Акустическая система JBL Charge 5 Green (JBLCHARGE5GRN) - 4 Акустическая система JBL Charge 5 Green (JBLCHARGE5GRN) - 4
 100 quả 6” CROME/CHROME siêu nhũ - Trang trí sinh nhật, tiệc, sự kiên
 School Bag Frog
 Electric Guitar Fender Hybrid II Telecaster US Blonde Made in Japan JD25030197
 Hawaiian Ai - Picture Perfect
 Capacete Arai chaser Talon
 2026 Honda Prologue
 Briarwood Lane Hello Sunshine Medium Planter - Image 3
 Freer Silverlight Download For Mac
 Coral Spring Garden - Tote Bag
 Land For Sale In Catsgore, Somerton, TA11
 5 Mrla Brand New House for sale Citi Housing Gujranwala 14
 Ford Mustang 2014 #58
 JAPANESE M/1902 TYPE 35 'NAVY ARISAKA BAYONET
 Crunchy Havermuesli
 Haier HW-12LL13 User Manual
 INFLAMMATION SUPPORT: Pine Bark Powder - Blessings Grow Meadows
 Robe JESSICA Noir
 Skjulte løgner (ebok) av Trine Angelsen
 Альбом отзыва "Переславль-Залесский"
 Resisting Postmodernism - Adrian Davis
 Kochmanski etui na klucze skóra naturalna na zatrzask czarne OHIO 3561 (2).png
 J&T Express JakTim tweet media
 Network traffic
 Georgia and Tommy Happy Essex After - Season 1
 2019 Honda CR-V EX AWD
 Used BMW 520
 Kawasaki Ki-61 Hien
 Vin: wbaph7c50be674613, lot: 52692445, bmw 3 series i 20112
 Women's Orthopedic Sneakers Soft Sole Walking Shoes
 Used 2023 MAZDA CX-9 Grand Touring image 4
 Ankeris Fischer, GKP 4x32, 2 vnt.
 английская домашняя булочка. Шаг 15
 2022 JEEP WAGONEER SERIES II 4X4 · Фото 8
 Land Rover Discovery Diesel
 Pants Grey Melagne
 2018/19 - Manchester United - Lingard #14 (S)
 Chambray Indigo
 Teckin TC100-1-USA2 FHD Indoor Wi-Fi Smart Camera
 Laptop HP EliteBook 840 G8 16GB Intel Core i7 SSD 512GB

Directions ▸ For the string "Land", show each line of the listing where it appears.

Response for this exercise ▸
 Land For Sale In Catsgore, Somerton, TA11
 Land Rover Discovery Diesel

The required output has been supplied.